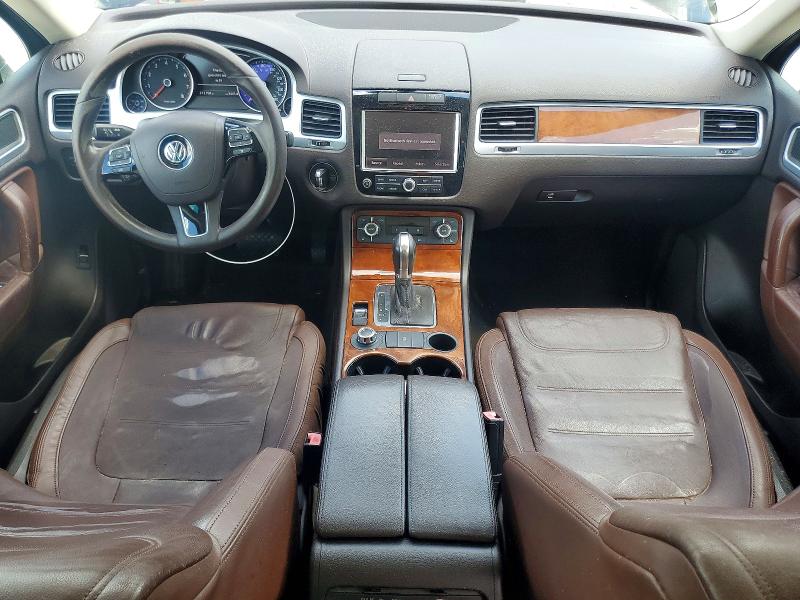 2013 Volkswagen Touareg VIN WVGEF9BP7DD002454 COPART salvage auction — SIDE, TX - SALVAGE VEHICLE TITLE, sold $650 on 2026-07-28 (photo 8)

═══

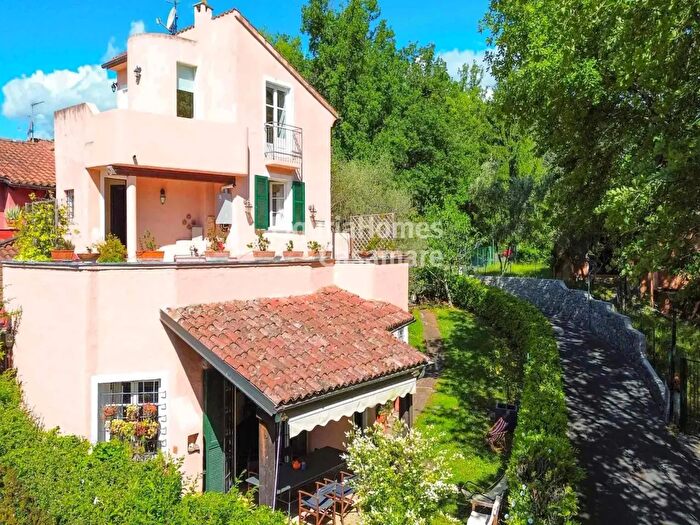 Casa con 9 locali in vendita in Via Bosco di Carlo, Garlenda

═══

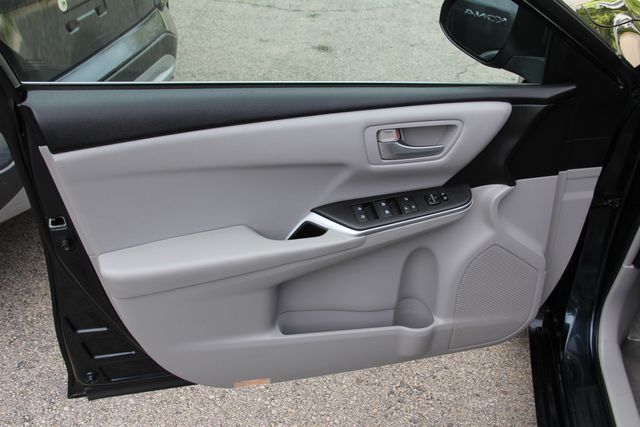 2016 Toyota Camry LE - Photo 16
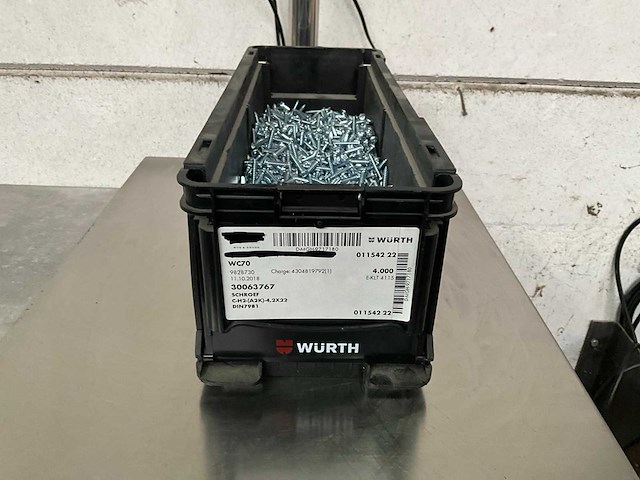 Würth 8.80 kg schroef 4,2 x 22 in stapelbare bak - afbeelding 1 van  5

═══

YOUR TASK. Reproduce, exactly and only, the lines of the records above starting at the line with "2016 Toyota Camry LE - Photo 16" and ending at the line with "Würth 8.80 kg", both included. Leave every picture out.

SOLUTION BELOW.
 2016 Toyota Camry LE - Photo 16
 Würth 8.80 kg schroef 4,2 x 22 in stapelbare bak - afbeelding 1 van  5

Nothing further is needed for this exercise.